The Pico Union Project is a multi-faith cultural arts center and house of worship in the Pico-Union neighborhood of Downtown Los Angeles, California. Founded in 2013 by musician Craig Taubman and educator Louise Brent Taubman, the nonprofit occupies the oldest surviving synagogue building in Los Angeles and is dedicated to the principle of "love your neighbor as yourself." The organization hosts worship for Jewish, Christian, and Muslim congregations alongside concerts, cultural programming, and neighborhood social services, and its sanctuary also operates as a live music venue.

== Building ==
The organization's home at 1153 Valencia Street is a Greek Revival building constructed in 1909 as the first location of Sinai Temple, the city's first Conservative congregation. It is the oldest surviving synagogue building in Los Angeles and was designated Los Angeles Historic-Cultural Monument No. 173 in 1977. When Sinai Temple moved westward in the mid-1920s, the Welsh Presbyterian Church purchased the building, preserving its Stars of David stained glass windows, and occupied it for 88 years. The congregation seismically retrofitted the structure in the 1980s at its own expense rather than allow it to be condemned. By 2012 its membership had dwindled to roughly ten people, and after a final service that December, the dissolving congregation approached the Jewish Historical Society of Southern California about returning the building to the Jewish community. The sanctuary retains its original stained glass windows, hardwood floors, and pipe organ, with movable pews that allow the room to be reconfigured for concerts and events; it holds fewer than 400 people.

== History ==
At the urging of Steve Sass of the Jewish Historical Society, Craig and Louise Taubman purchased the building in 2013. Craig Taubman, then best known for the long-running Friday Night Live musical Shabbat service at Sinai Temple, initially planned a downtown performing arts venue for touring musicians. At his daughter's suggestion, the Taubmans first spent roughly six months consulting neighborhood residents, who identified housing, employment, food, health care, and safe gathering space as their most pressing needs. The couple reconceived the project as a nonprofit multi-faith cultural arts center serving the surrounding community, which is largely made up of immigrant families from Central America, Mexico, Cuba, and Korea. The Taubmans retained personal ownership of the building, initially donating its use to the nonprofit before phasing in rental payments from the organization, which retains rental income from resident faith communities, cultural groups, and private events.

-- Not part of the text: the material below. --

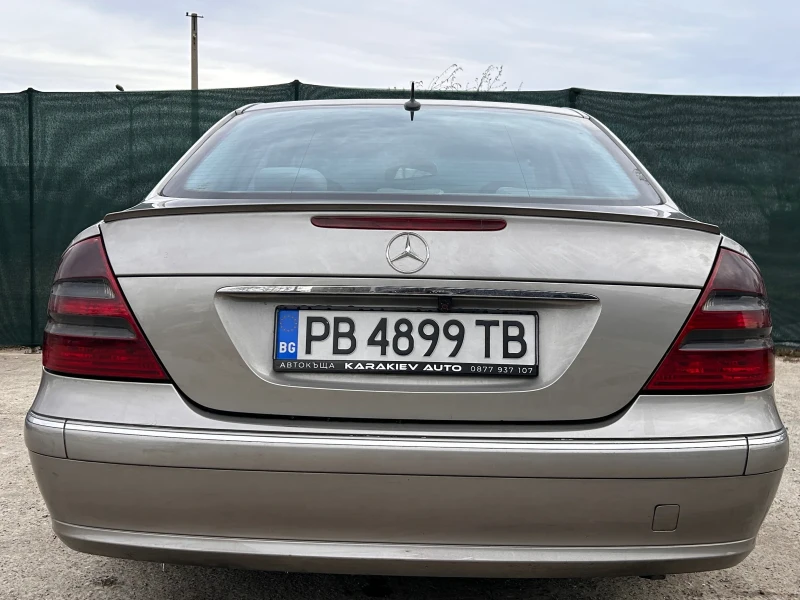 Mercedes-Benz E 270, снимка 4 - Автомобили и джипове - 48131718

By 2015, the building housed four resident faith-based organizations, three Christian and one Muslim; the Sanctuary@Pico Union program, launched that year with Jewish High Holy Day services, restored a Jewish worship presence. In 2016, Sanctuary@Pico Union received a $200,000 grant from the Jewish Community Foundation of Los Angeles, and in 2018 Zach Lasker was appointed the organization's first executive director. In November 2025, the Taubmans announced they would step down from daily leadership while remaining involved with the organization, and Serena Oberstein was named interim executive director.

== Programs ==
The Pico Union Project hosts regular worship for multiple faith communities, including services of the Women's Mosque of America, which held its first Friday prayer service in the building in 2015.

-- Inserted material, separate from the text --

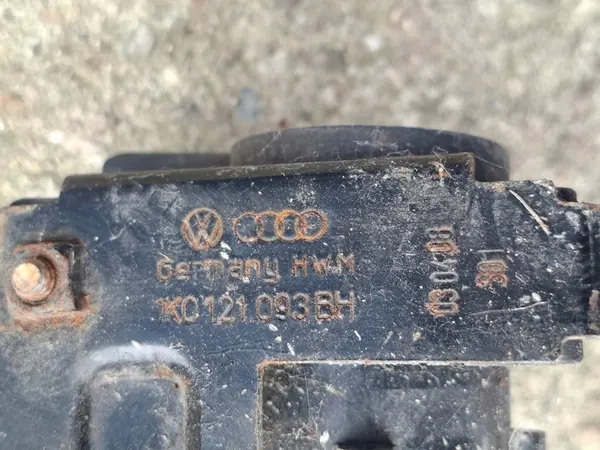 Turbo 1.8 TFSI VAG 06J145701L image 9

The organization operates Vida Sana, a free weekly farmers' market distributing fresh produce to the neighborhood's low-income residents, along with classes and professional development workshops. During the 2020 George Floyd protests, the building served as a staging ground for community activism and neighborhood support efforts. The organization also works with unhoused residents and immigrant families in the surrounding neighborhood.

== Music venue ==
Alongside its community programming, the sanctuary operates as an intimate concert venue. Courtney Barnett previewed her album Tell Me How You Really Feel there in 2018, in a show where the pews were removed for a standing-room audience. Rex Orange County chose the room for a surprise album-release show in 2024. The Los Angeles Chamber Orchestra has performed in the space, and the venue also hosts private events such as weddings and celebrations, with rental income supporting the nonprofit's community programs.